Below, I've got a loop to determine the highest-bandwidth mp4 audio stream.

In [5]:
# Find the highest-bitrate mp4 audio stream
highest_bitrate_mp4_audio_stream = None
highest_bitrate_found = 0
for stream in video.streams.filter(only_audio=True):
    if (stream.mime_type == "audio/mp4"):
        stream_bitrate = int(stream.abr.split("kbps")[0])
        if (stream_bitrate > highest_bitrate_found):
            highest_bitrate_mp4_audio_stream = stream
            highest_bitrate_found = stream_bitrate

Now that I've got this stream, I should be able to download it.

In [6]:
# Create a data/ folder if it doesn't exist
data_folder_path = Path("data/")
data_folder_path.mkdir(exist_ok=True, parents=True)

# Time how long it takes to download the .m4a audio for this video
start_time = time()
highest_bitrate_mp4_audio_stream.download(output_path=data_folder_path, 
                                          filename="test_audio_download.m4a",
                                          skip_existing=False)
print(f"audio downloaded to {data_folder_path}/test_audio_download.m4a in {time()-start_time:.2f}sec")

audio downloaded to data/test_audio_download.m4a in 4.57sec


Really quickly: I actually want this to be an MP3 file instead. The cell below will convert the file. 

In [7]:
# This method will convert an m4a file to mp3
def convert_m4a_to_mp3(input_file_path, output_file_path):
    
    # Import the necessary library
    import subprocess
    
    # Generate the ffmpeg command we'll use
    command = f"""ffmpeg -i {input_file_path} {output_file_path}"""

    # Run the command
    rsp = subprocess.run(command)
    
# Run the aforementioned method
convert_m4a_to_mp3(f"{data_folder_path}/test_audio_download.m4a", 
                   f"{data_folder_path}/test_audio_download.mp3")

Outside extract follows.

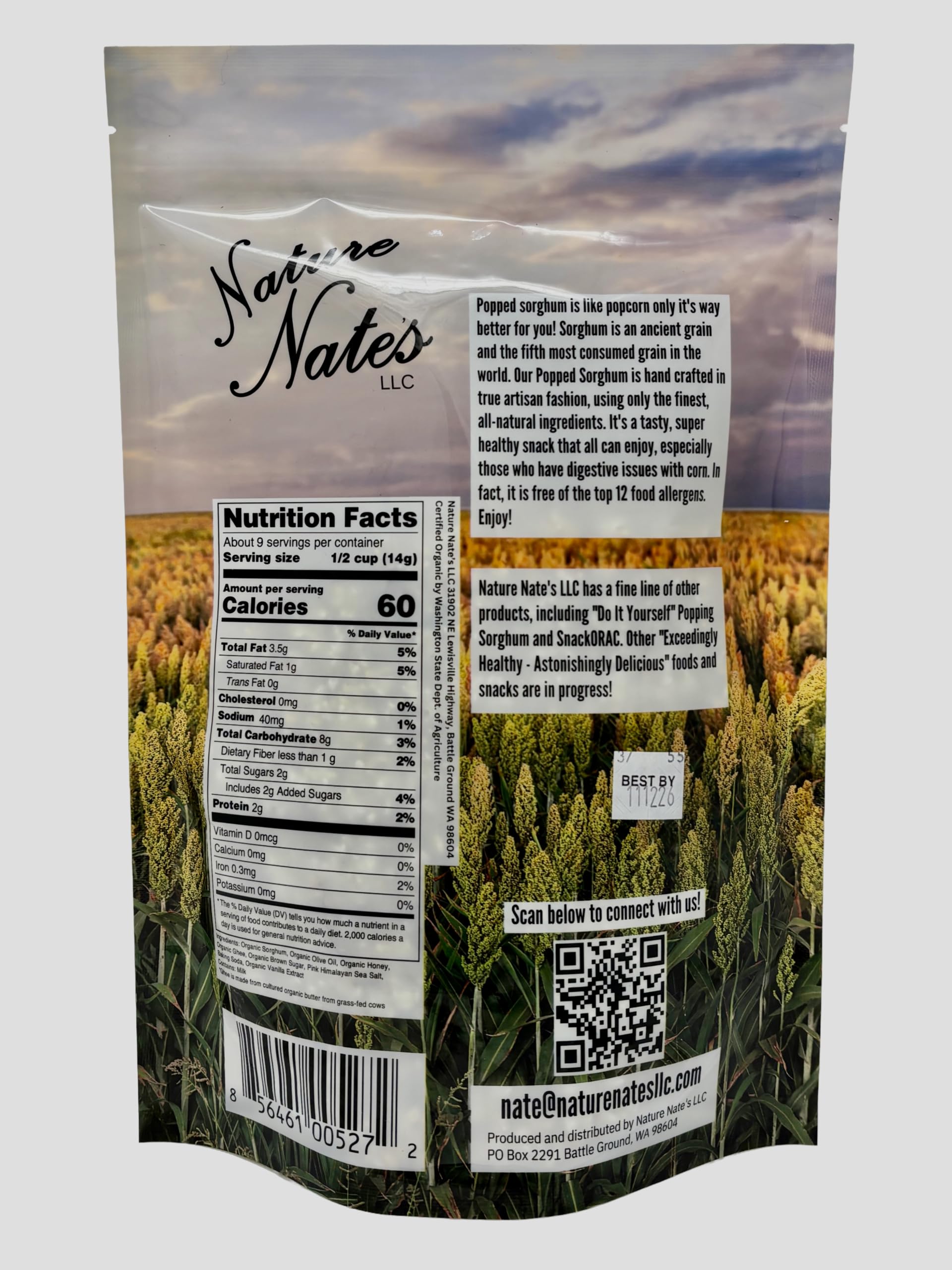 Nature Nate’s textura de sorgo reventado en primer plano, crujiente y sin cáscaras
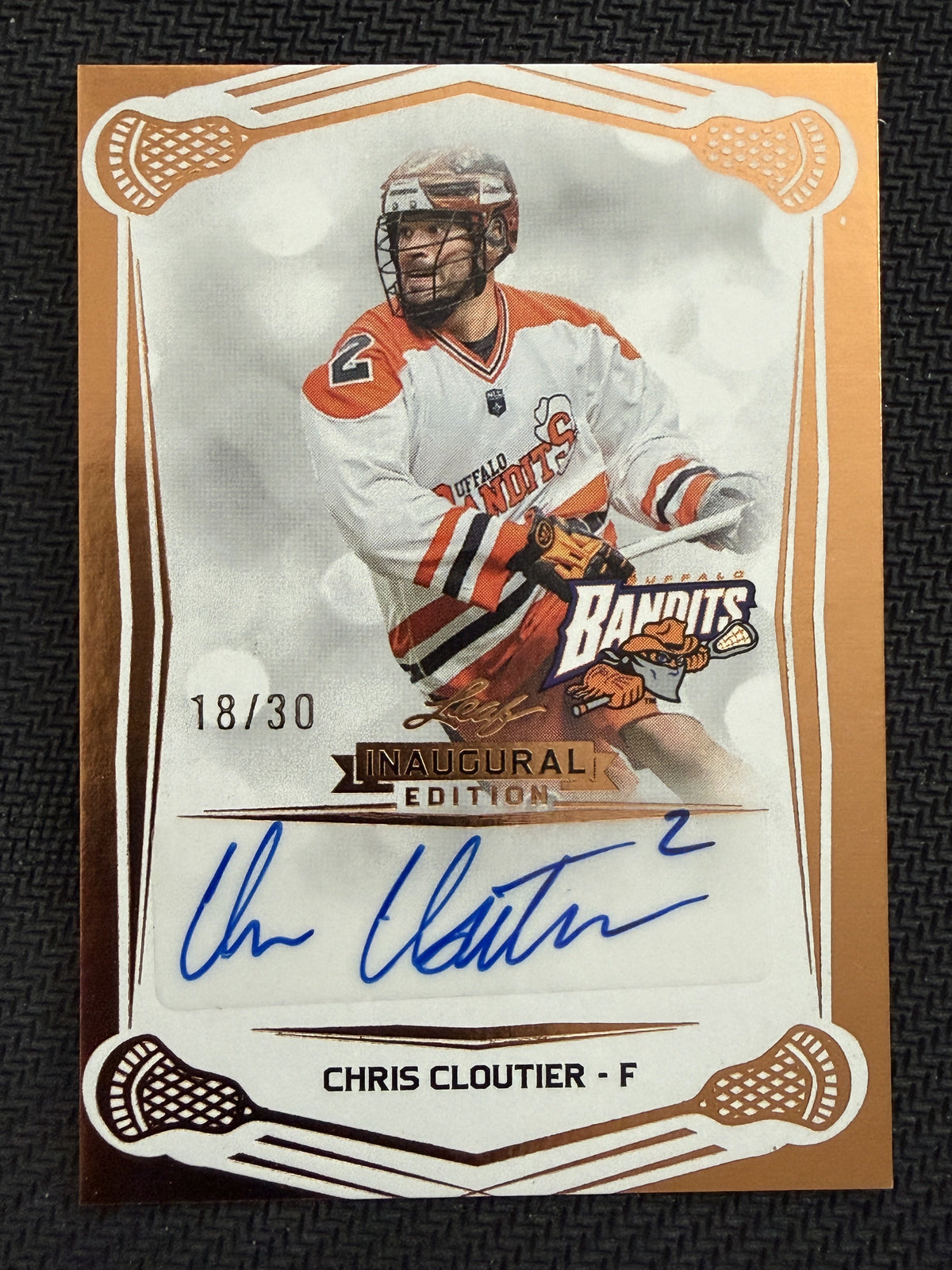 Chris Cloutier 2025 Leaf NLL Inaugural Buffalo Rose Gold Auto 18/30 #BA-CC1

### Downloading Channel Information
Now: another question. Can I use `pytube` to get all of the videos from TheNeedleDrop's channel? According to [their "Using Channels" tutorial](https://pytube.io/en/latest/user/channel.html#using-channels): probably, yeah. 

In [16]:
# Creating a Channel object for theneedledrop
theneedledrop_channel = Channel('https://www.youtube.com/c/theneedledrop')

# Determining all of his videos
all_video_urls = theneedledrop_channel.video_urls
print(f"theneedledrop has {len(all_video_urls):,} videos.")

theneedledrop has 3,971 videos.


Nice - I've got the URLs for **ALL** of Anthony Fantano's reviews. Let's see if I can guess some sort of pattern to identify the reviews themselves (versus additional content). 

**Actually...** I don't really *care* about differentiating the reviews right now. In theory, I want to download *all* of his videos, and then classify whether they're reviews or not later.